それでも自分達は兄弟なのだから、実行に移す前に一言くらい相談があっても良かったのではないか、というのが鯰尾の主張だった。
どちらの言い分も分かる、ちょっとした不幸な意見のすれ違いという奴だ。
「ねー、薬研も思うでしょ?」
「んーーー……まあ鯰尾の言い分も分かるけど、べつに喧嘩別れして部屋を分けた訳でもないし、そんなに目くじら立てて怒ることでもないんじゃないか?」
「薬研まで〜」
「よく考えたら、俺達くらいの見た目の年齢の人間はとっくに同衾なんかしてないしなぁ。それに…いち兄もいつまでも俺達の世話ばかりしている訳にはいかないだろ。俺達もちっとは自立出来るように頑張らないと………鯰尾、お前、今日も脱ぎ捨てた寝間着、いち兄に片付けさせてたぜ」
「うぐっ…」
びしっと手厳しい指摘を受け、思わず吃ってしまった鯰尾に一期一振は優しく笑った。
「寝間着の片付けくらいは何ということは有りませんが…鯰尾、今、薬研が言った通りです。闇を恐れて眠れぬ稚児の年でも無いのですから…ね?」
「む〜……そりゃ…困るわけでは無いけど…うーん、まぁ仕方ないかぁ」
その場では、取り敢えず一期一振の言い分が通った形になったのだった。
それから数日後…
「薬研……ちょっと相談に乗ってほしい事があるんだけど」
「? 何だ? いつになく深刻そうな顔して」
「うん…ちょっと、薬研にしか相談出来ない事でさ…」
「分かった。俺の私室で聞くってことでいいか?」
「うん」
また別のある日、今度は鯰尾は薬研個人への相談を持ち掛け、相手の私室に案内されていた。

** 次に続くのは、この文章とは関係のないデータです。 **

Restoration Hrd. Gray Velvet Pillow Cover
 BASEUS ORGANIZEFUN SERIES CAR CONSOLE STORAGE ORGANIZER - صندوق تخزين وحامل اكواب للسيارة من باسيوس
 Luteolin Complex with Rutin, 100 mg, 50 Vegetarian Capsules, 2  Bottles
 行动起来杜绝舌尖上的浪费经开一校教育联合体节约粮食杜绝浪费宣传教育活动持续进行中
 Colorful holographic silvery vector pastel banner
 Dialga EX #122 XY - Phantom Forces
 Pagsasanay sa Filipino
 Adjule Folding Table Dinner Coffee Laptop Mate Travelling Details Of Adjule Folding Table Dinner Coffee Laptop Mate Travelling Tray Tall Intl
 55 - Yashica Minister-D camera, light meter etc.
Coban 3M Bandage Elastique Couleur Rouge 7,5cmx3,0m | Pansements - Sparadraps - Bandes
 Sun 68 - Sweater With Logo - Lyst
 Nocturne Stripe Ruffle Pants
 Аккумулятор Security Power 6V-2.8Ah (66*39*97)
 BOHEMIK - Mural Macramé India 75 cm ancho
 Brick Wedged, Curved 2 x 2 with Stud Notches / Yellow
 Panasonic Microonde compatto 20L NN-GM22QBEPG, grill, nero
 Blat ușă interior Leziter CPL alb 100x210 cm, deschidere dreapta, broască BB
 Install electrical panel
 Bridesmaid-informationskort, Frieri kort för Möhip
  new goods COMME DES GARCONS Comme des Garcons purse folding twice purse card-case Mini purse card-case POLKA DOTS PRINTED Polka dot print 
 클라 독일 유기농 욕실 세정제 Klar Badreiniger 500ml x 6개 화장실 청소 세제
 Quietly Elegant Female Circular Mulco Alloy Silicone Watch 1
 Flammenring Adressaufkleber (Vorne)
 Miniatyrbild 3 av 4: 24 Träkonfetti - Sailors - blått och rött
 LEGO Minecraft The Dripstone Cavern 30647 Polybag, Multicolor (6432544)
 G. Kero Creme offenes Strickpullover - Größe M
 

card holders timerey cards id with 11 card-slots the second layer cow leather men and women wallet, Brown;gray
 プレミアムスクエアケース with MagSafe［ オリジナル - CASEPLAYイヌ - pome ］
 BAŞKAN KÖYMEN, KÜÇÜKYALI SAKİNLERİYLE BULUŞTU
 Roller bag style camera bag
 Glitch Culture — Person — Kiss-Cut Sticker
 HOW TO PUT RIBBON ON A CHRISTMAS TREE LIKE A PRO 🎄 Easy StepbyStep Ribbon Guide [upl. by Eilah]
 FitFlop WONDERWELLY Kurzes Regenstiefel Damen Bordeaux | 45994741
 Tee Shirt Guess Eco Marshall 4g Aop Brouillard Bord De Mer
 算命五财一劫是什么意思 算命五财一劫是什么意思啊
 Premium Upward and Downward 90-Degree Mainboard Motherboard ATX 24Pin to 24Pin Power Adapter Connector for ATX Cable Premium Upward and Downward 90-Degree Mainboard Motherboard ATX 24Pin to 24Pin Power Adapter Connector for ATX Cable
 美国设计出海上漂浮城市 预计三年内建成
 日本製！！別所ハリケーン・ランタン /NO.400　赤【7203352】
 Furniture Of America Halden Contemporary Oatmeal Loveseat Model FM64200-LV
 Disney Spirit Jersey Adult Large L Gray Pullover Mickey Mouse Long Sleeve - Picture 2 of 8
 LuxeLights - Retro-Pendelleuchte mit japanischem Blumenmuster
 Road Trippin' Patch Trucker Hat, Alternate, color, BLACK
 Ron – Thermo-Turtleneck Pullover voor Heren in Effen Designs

薬研はその名の通り、人を殺める事もできる刀剣としては珍しく、真逆の人を助ける術である医術にも精通しており、その部屋には常に様々な薬効を示す生薬が置かれている。
物によってはそれは刺激が強いものもあるので、彼の私室は敢えて屋敷の割と隅の方に誂えられていた。
直射日光が薬効を失わせる事もあるので、彼の私室は他の男士のそれより薄暗く、独特の香りがその空間を満たしていた。
「で、相談って?」
「うん…」
密室に案内されたものの、それでも暫くは言い出し難い話なのか、もごもごと口籠もっていた鯰尾が、ひそりと小さな声で尋ねた。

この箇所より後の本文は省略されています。